Auditor's Responsibilities for the Audit of the Consolidated Financial Statements and of the Group Management Report

Our objectives are to obtain reasonable assurance about whether the consolidated financial statements as a whole are free from material misstatement, whether due to fraud or error, and whether the group management report as a whole provides an appropriate view of the Group's position and, in all material respects, is consistent with the consolidated financial statements and the knowledge obtained in the audit, complies with the German legal requirements and appropriately presents the opportunities and risks of future development, as well as to issue an auditor's report that includes our audit opinions on the consolidated financial statements and on the group management report.

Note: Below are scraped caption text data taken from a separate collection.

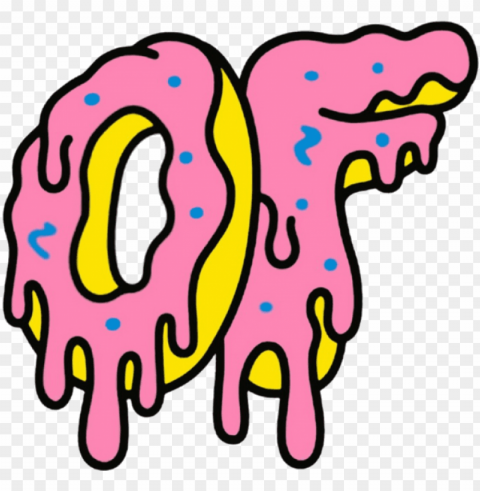 odd future logo drippi High-resolution PNG images with transparent background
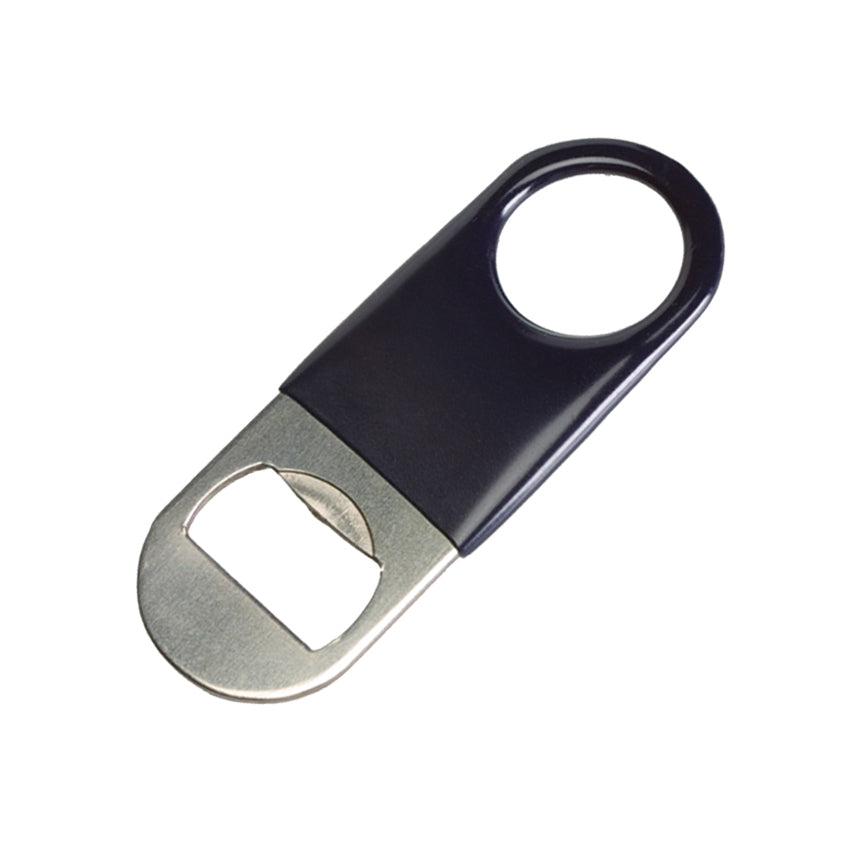 Abridor Mini blade vinilo negro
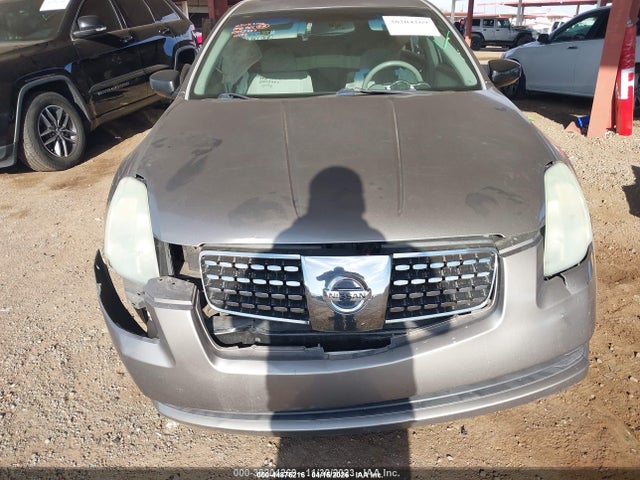 Продажа на аукционе авто 2004 Nissan Maxima 3.5 Se, vin: 1N4BA41E24C930192, номер лота: 44876216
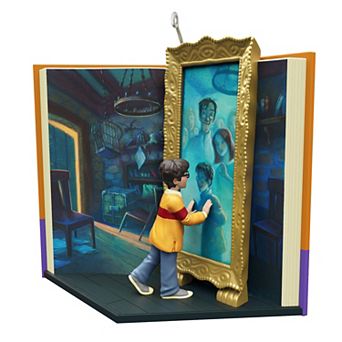 Harry Potter Mirror of Erised Hallmark Keepsake Christmas Ornament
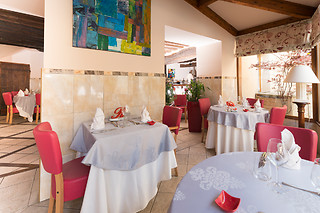 Repas en duo au restaurant Le Rohan à Vigny (95)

Reasonable assurance is a high level of assurance, but is not a guarantee that an audit conducted in accordance with § 317 HGB and the EU Audit Regulation and in compliance with German Generally Accepted Standards for Financial Statement Audits promulgated by the Institut der Wirtschaftsprüfer (IDW) will always detect a material misstatement. Misstatements can arise from fraud or error and are considered material if, individually or in the

aggregate, they could reasonably be expected to influence the economic decisions of users taken on the basis of these consolidated financial statements and this group management report.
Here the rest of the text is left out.